Bryce Harper has a history of impressing no matter which level he is playing at. Although Harper is not starting the year as a part of the Washington Nationals' 25-man roster, it should not be long before he works his way up.
The most impressive part of his arsenal is his strength and bat speed which has resulted in mind-blowing home runs.
He reportedly hit a ball 570 feet when he was only 15 years old. As he continues his assault on the minor leagues, we will undeniably be given more highlights of towering home runs.
Before going pro, Harper hit a staggering 31 home runs in only 66 college games. Harper began playing for the Arizona Fall League in 2010. Between two seasons in the Arizona Fall League and one season between Single and Double-A, Harper totaled for 24 home runs.
For now, however, we look back at his 15 most impressive home runs.
Harper participated in an international home run hitting showcase at Tropicana Field. Harper hit a 502-foot home run that was a part of a stretch of six homers in a row that averaged a distance of 469 feet.
This by far was is the most recognizable home run of his career, even though it was not in a game.
The home run was the longest home run ever hit at Tropicana Field and began getting him even more recognition.
Harper hit his first professional home run in the Arizona Fall League on October 30, 2010.
The blast went over the bullpen and assaulted the party deck in right field. It certainly was a home run to remember and one that is hard to forget.
This shot is a walk-off from August 2011 while Harper was playing for the Double-A Harrisburg Senators.
The home run was estimated to be over 480 feet as it easily cleared the batters eye in center field. This was his first walk-off home run of his career.
There are a couple things that are jaw-dropping in this video:
The size of Harper as a freshman in high school and the charge that he put into this ball.
This video is from 2008 and it is shocking to see how intimidating Harper was at such a young age. The home run is nothing but impressive.
This home run happened while playing in the Arizona Fall League in 2011. Harper drove the ball well over the wall in left-center field.
This ball finally comes down between the red and black advertisements, more than halfway up on the grass.

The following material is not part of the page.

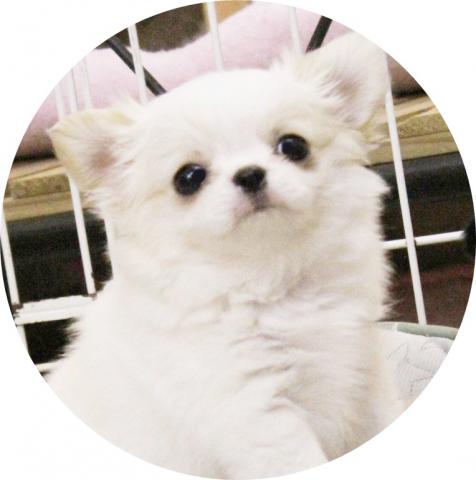 PETSHOP MERRILY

This is another ridiculous shot by Harper that all began with one of the quickest swings you will ever see.
To see where this one lands, simply look at all the fans on the grass running to the ball. They have to practically run out of the stadium to get to it.
This was his sixth home run at Hagerstown.
On June 1, 2011, while playing for Hagerstown, Harper hit this blast against the Greenville Drive. Harper stayed alive in the long at-bat and earned this one.
The sound off the bat gave away the results of this one way before the ball even landed.
This video shows Harper hitting a couple home runs during the 2011 AFLAC Home Run Derby held at Petco Park. The first one in this video never came down. The guys in the outfield just turn their heads and watch.
Petco Park is a tough place to hit home runs, but not for Harper.
No doubt about this one. After roaring through Single-A, Harper continued to play well, but had a bit of a hard time adjusting to Double-A. He hit only three home runs in 37 games.
When an outfielder takes one or two steps, it is usually to make his pitcher feel better.
That was the case when Harper hit this home run in Hagerstown against the Kannapolis Intimidators on May 29, 2011.
Not many opposite field bombs get out of the park that loud and that quick.
Harper's college only used wood bats in regular-season play. The Junior College National Tournament forces all teams to use aluminum bats so when Harper entered the tournament, it was every man for themselves.
Former coach Tom Chambers spoke about Harper using an aluminum bat and said, "to be honest, he was going to hurt somebody. With an aluminum bat in his hand, somebody was going to get hurt. A pitcher or somebody."
Harper would have shattered several windows if not for the netting that was protecting the building outside the stadium at the University of San Diego.
These home runs were a part of the 2009 AFLAC All-American weekend Home Run Derby.
Harper connects for his first minor league home run on April 13, 2011.
He was playing for Hagerstown against the Lexington Legends and was dealing with heckling from the crowd. This one was to quiet them.
Everyone knew that this one was gone as soon as it was hit.
Harper has one of the quickest bats around and in this home run from his time spent at the College of Southern Nevada, we see an example of it.
While playing for CSN, he batted .443 with 31 home runs and 98 RBI in 66 games in 2010 and led them to the Junior College World Series.
Harper might have caused a few jaws to drop for other reasons with this home run.
People were talking about this one for days after this shot for Single-A Hagerstown.
After casually strolling out of the batters box, Harper rounded the bases. While taking his final strides towards home, he blew a kiss to the pitcher.
Harper will be playing for Triple-A Syracuse to begin the 2012 season. Harper has appeared in the last two springs with the Nationals but has yet to hit a home run.
When Harper steps foot in a big league ballpark, it will not be long before there are many more home runs added to the list of impressive shots.
He has not played a big league game, yet has already become a human highlight reel.